# Been fun but..



## BigRalphN (Jul 5, 2011)

I am finally leaving the Motorola world. I have had the original Droid and the Dx. I loved both, maybe the original droid better for rooted access. But since they have seemingly abandoned the dx as far as ics is concerned I ordered a Galaxy Nexus last night. The dx will be our back up in case one of our 5 smart phones craps out.

Sent from my DROIDX using Tapatalk


----------



## HalosGhost (Jun 29, 2011)

BigRalphN said:


> I am finally leaving the Motorola world. I have had the original Droid and the Dx. I loved both, maybe the original droid better for rooted access. But since they have seemingly abandoned the dx as far as ics is concerned I ordered a Galaxy Nexus last night. The dx will be our back up in case one of our 5 smart phones craps out.
> 
> Sent from my DROIDX using Tapatalk


Always sad to see someone move on from a community, but it usually means they are headed to a new one, so it's still only bitter-sweet.

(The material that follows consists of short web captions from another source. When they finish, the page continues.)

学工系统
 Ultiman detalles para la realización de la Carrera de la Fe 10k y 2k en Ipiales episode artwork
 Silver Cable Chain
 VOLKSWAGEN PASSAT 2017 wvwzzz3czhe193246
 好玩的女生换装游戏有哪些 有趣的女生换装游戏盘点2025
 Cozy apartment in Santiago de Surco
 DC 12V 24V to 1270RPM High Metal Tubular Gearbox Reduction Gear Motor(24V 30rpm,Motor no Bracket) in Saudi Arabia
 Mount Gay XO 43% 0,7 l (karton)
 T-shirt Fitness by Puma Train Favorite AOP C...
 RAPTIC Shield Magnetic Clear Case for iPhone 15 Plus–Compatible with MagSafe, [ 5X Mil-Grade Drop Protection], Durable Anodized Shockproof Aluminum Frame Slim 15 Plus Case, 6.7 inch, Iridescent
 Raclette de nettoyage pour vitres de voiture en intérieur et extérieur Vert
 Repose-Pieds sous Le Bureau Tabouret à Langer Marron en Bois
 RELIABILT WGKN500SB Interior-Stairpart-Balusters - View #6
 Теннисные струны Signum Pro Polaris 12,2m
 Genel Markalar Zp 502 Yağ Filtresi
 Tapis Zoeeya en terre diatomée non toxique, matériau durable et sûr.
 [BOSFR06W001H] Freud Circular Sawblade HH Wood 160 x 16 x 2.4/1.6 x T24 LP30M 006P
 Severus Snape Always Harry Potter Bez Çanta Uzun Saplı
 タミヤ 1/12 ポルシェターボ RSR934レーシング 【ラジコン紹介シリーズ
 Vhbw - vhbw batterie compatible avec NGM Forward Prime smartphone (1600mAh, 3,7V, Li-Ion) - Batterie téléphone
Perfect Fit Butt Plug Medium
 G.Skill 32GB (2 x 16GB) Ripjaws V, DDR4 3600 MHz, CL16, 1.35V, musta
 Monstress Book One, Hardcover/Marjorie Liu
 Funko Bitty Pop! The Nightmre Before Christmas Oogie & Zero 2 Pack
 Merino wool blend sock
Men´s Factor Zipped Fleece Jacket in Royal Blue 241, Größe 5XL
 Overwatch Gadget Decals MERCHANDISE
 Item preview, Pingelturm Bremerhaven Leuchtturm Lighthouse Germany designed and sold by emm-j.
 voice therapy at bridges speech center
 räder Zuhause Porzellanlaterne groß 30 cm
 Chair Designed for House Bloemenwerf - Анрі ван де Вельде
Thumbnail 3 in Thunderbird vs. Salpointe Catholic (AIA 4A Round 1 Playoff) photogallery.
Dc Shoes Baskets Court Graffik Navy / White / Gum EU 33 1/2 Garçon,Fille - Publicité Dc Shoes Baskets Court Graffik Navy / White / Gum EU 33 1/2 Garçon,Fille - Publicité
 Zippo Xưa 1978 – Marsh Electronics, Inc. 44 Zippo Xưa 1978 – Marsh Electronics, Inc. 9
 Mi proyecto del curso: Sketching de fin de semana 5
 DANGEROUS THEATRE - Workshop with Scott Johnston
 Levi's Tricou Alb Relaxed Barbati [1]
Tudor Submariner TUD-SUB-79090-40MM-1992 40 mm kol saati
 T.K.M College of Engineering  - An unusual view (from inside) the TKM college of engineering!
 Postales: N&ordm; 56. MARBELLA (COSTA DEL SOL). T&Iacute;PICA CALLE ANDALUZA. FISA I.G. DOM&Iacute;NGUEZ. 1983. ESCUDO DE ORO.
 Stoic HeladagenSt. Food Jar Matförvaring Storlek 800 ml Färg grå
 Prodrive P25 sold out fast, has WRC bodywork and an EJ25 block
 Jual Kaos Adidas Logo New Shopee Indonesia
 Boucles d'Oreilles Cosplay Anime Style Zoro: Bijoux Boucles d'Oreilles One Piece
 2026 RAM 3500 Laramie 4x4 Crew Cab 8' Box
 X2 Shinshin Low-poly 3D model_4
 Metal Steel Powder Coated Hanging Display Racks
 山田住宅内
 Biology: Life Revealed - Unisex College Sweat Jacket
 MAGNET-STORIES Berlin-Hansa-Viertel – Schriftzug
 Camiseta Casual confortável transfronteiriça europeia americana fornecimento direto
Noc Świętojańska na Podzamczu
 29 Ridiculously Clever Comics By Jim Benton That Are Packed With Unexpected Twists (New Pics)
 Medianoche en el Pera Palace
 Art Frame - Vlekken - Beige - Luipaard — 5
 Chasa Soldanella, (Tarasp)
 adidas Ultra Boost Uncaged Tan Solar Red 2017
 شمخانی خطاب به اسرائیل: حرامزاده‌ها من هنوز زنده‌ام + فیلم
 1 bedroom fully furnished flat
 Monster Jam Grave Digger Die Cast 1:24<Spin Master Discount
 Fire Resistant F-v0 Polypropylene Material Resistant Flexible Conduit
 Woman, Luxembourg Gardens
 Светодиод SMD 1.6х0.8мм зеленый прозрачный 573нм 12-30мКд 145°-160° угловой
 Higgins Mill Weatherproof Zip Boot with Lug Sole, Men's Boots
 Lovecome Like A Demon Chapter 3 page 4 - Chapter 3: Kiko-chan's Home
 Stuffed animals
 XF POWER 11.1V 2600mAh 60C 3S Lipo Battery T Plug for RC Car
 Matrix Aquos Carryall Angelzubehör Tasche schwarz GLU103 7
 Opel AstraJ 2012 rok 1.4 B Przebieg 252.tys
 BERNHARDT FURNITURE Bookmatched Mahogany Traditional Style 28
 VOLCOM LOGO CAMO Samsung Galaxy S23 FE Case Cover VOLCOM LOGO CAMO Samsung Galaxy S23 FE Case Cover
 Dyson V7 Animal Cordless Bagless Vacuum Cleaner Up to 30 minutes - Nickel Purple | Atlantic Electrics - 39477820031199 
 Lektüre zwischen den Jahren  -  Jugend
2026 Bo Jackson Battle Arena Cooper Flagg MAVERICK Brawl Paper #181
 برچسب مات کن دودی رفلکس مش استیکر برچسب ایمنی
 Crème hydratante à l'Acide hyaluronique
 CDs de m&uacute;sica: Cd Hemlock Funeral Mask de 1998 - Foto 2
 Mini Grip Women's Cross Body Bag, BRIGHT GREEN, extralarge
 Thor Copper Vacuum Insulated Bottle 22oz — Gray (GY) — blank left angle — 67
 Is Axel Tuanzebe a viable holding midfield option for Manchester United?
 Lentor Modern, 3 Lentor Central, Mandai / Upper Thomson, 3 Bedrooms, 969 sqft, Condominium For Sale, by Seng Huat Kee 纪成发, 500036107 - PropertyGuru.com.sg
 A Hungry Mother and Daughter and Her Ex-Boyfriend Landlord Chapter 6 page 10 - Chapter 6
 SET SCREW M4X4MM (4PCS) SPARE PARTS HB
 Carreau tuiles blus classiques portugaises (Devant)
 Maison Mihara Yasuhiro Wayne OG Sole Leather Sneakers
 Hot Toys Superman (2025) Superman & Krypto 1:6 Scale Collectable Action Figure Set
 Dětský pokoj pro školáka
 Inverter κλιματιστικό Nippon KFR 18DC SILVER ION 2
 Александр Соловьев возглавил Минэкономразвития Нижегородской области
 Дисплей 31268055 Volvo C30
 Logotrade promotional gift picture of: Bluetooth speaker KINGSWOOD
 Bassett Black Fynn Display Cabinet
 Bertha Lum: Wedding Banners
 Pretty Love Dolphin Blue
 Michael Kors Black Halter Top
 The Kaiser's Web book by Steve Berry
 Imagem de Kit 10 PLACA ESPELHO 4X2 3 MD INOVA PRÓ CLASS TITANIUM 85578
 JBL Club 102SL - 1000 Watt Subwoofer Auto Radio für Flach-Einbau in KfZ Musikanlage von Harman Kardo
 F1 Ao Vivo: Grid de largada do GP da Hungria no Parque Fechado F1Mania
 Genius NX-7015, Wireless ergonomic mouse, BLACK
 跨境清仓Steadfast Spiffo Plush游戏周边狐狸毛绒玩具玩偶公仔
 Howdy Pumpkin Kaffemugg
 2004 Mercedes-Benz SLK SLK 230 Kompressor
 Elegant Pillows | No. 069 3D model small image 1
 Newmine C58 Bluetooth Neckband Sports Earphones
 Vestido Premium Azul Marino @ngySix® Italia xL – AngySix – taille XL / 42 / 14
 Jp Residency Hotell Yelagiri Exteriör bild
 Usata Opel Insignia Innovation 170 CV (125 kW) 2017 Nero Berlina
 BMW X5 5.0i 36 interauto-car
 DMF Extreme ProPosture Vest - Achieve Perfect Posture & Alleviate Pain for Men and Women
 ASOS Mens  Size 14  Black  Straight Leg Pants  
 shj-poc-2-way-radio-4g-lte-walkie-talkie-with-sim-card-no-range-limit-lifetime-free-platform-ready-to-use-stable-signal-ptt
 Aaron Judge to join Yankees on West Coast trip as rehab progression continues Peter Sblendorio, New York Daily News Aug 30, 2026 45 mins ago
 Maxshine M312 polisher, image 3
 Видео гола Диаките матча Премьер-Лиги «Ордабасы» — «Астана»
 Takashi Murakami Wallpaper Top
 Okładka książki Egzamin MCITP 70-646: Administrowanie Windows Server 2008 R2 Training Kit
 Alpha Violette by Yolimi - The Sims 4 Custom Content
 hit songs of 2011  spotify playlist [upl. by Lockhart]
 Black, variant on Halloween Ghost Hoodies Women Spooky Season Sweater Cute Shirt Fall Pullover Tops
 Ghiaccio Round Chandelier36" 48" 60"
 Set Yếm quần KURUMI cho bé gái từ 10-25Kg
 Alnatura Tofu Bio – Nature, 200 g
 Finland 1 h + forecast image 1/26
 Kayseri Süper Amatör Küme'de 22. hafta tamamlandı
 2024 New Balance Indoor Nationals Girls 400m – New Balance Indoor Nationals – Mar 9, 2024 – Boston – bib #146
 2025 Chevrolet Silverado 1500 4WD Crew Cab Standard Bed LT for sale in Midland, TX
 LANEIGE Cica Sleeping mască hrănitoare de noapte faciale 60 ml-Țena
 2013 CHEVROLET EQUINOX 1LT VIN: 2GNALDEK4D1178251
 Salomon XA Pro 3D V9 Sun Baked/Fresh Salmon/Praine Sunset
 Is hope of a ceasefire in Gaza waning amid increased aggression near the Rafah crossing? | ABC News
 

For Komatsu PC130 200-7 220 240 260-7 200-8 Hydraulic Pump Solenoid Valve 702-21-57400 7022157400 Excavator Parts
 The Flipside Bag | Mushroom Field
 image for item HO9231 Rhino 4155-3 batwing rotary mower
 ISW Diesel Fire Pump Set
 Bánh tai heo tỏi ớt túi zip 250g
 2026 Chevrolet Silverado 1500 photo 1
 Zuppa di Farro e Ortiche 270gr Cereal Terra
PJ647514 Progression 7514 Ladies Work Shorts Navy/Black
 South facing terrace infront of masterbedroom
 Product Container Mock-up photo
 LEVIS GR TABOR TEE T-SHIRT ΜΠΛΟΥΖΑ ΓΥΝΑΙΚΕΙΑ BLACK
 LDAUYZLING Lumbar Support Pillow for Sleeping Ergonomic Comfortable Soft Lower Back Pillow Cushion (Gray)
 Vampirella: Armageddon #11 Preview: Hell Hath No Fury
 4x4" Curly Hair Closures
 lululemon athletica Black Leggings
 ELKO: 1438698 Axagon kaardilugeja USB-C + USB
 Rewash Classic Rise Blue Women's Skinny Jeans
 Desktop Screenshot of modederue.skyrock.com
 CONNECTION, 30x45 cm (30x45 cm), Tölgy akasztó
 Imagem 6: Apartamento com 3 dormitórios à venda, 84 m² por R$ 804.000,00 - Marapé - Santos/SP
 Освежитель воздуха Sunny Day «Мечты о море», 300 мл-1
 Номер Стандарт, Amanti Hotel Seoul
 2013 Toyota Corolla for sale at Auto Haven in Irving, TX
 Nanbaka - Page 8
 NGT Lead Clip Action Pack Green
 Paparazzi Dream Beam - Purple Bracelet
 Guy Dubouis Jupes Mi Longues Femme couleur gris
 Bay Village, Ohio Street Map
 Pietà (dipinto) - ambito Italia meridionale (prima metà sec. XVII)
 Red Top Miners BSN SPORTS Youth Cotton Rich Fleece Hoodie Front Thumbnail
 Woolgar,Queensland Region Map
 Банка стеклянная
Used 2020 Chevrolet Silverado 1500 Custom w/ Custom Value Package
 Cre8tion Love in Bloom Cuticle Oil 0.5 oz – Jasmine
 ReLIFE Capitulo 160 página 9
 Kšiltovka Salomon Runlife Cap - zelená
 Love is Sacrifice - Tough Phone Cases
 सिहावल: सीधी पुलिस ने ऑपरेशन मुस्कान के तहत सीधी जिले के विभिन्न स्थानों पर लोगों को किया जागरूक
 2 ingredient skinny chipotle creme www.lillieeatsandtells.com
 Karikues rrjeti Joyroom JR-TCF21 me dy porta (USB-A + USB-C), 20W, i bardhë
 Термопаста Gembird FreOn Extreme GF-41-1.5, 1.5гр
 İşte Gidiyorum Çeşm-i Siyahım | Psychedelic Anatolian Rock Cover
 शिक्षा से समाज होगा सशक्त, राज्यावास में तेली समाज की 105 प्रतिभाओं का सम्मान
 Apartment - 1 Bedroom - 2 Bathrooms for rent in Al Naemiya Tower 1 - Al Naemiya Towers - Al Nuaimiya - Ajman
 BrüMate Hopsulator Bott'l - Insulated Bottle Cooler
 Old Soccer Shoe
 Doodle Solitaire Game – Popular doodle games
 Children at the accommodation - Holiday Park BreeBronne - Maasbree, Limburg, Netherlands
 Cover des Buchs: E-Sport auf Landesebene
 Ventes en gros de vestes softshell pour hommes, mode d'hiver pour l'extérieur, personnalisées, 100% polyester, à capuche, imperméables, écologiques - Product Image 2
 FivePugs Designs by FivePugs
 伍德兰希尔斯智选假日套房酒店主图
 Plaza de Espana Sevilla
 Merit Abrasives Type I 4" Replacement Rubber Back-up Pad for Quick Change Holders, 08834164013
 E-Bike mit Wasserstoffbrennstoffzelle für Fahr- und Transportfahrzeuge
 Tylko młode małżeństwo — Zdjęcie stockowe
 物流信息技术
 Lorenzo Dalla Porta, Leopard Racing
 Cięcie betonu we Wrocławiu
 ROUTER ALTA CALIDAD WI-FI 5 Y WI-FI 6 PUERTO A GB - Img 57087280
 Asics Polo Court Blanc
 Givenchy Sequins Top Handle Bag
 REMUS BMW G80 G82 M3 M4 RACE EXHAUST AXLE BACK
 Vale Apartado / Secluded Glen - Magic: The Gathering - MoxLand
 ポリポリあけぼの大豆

Having said that, I feel that x13 hasn't abandoned the X on the ICS front and official CM9 nightlies probably aren't too far away.

Still, your move is understandable. Enjoy your Gnex!

All the best,

-HG


----------



## BigRalphN (Jul 5, 2011)

I was referring to verizon and motorola. I see developers still working hard and google even said I should should work on the x. My son still has his dx so I may need to get stuff for that.

Sent from my DROIDX using Tapatalk


----------



## Jubakuba (Sep 8, 2011)

I love my GNex!
You'll be so pleased with it.
That being said...
I still lurk here =]
And I plan on keeping the X up to date.
That...and...I have to thoroughly test builds and push the best MIUIWiz builds to my mom.


----------



## BigRalphN (Jul 5, 2011)

Jubakuba said:


> I love my GNex!
> You'll be so pleased with it.
> That being said...
> I still lurk here =]
> ...


I have considered keeping the x up to date also. My charging jack is messed up though and it is hard to get it to charge.

Sent from my Galaxy Nexus using Tapatalk


----------



## twisted_58 (Feb 27, 2012)

BigRalphN said:


> I have considered keeping the x up to date also. My charging jack is messed up though and it is hard to get it to charge.
> 
> Sent from my Galaxy Nexus using Tapatalk


If you can still get one try the powermat battery pack for the DX. It just replaces the battery cover with a new one (no bulky case). Just the first thing that comes to mind when trying to circumvent the charge port.


----------



## BigRalphN (Jul 5, 2011)

twisted_58 said:


> If you can still get one try the powermat battery pack for the DX. It just replaces the battery cover with a new one (no bulky case). Just the first thing that comes to mind when trying to circumvent the charge port.


That is a good idea if we need to use it again. Thanks.

Sent from my Galaxy Nexus using Tapatalk


----------